H. G. Wells The Invisible Man
originally published in 1899
Aerie Books Ltd.
About my third Wells book. I also finished War of the Worlds and Island of Dr. Moreau. I'm sure I've read something else by him but I can't think of it, and can't look on my shelves because everything's packed.
Not a great cover, but cool how I got the flash to hit the table lamp on the cover.
General Notes
I'm
surprised more than anything how the book reads more like literary
slapstick. I read something with those qualities in graduate school for
my Masters in Literature, but unfortunately I can't recall that short
story, but I believe it was the same time period. Ironically, while The Invisible Man read like literary slapstick the horror elements are still pretty gruesome but more of a violent nature.
The
pre-Lovecraft lovecraftian short story "The Damned Thing" by Ambrose
Bierce also uses invisibility.
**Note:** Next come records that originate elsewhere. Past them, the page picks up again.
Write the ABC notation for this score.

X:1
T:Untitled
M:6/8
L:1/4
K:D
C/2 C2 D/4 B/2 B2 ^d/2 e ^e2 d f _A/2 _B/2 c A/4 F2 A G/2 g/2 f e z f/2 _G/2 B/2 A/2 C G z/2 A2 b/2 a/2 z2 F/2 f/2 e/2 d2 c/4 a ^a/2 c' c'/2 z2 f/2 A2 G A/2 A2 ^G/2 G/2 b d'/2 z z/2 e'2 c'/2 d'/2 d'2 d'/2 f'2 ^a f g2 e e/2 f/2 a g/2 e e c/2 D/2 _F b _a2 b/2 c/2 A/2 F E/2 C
Published in 1894 it precedes The Invisible Man
by five years and some descriptions are similar but that's not
necessarily evidence that Wells knew of Bierce's work, since there are
only a few ways to describe invisible characters.
A
narrator character slowly reveals himself, oftentimes very intrusively,
but never introduces or reveals himself. He is obviously reporting all
the incidents. The story starts in media res--in the middle.
Griffin
(the invisible man) has three journals written in a cipher. These books
still exist by the end of the book and should belong to a list of fake
books, or even better, evil books like the Necronomicon. A list of evil books would be longer than a list of real sacred texts.
The invisible man is to visible people as visible people are to blind people.
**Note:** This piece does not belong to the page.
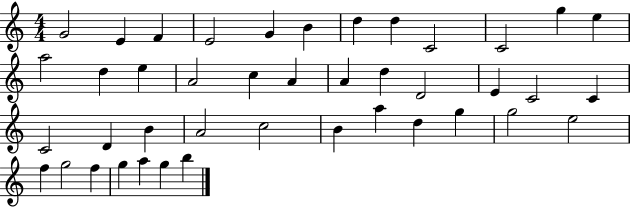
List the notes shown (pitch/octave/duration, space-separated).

G4/h E4/q F4/q E4/h G4/q B4/q D5/q D5/q C4/h C4/h G5/q E5/q A5/h D5/q E5/q A4/h C5/q A4/q A4/q D5/q D4/h E4/q C4/h C4/q C4/h D4/q B4/q A4/h C5/h B4/q A5/q D5/q G5/q G5/h E5/h F5/q G5/h F5/q G5/q A5/q G5/q B5/q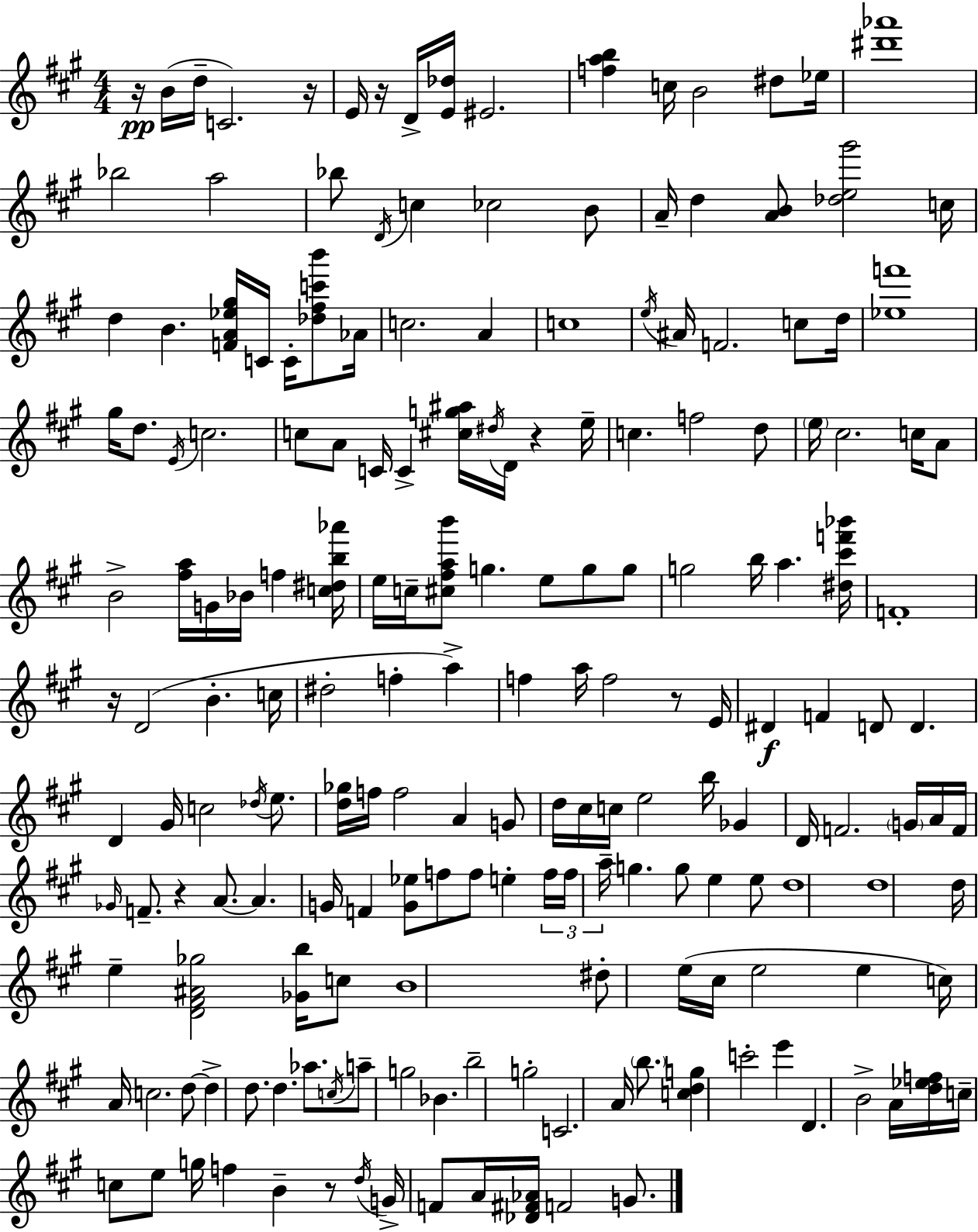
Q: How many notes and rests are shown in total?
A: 188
"It was not until thirty years after the publication of The Time Machine that the genre gave up its earlier title of 'scientific romances'" (1 of foreword but not numbered).
In
comparing Wells to Jules Verne the foreword author says Wells'
"Speculative fiction dared to imagine 'what if...' rather than 'how'" (2
of foreword).
Mr. Marvel can see undigested food in the Invisible Man's body (51). The first time I saw this in a movie was Memoirs of an Invisible Man with Chevy Chase.
How to become invisible or How Griffin became invisible (102-114).
Griffin
drinks strychnine as a tonic (110) and this may have led to his mental
collapse (2 of afterword but not numbered). Though in my opinion he was
kind of an asshole before the experiments, which I believe was the plot
point of The Hollow Man if not Universal's The Invisible Man.
Reference to Defoe's Robinson Crusoe (120).
Example
of slow motion in fiction: "And as he did so the third window went with
a snap like a pistol, hung starred for a moment, and collapsed in
jagged, shivering triangles into the room" (156).
Comparison of The Invisible Man to Kafka's Metamorphosis by considering their main characters as antiheroes (2 of afterword but not numbered).
Etymology
Waggon is spelled thus and more than once. Is this how it was spelled then (15)?
"Butterfly money:" is this a common term or did Wells make it up (76)?
"'But I went to work--like a nigger'" (99). (I put this in for etymologists looking for the historical use of the term.)
"Detective" (119).
Evil/Fake Books
Griffin's three leather-bound experiment journals written in cipher.
Great Quotes
Describes
people being thrown from a tavern/inn: "People down the village heard
shouts and shrieks, and looking up the street saw the Coach and Horses
violently firing out its humanity" 39.
Great Lines
"an unusually strange sort of stranger" (13).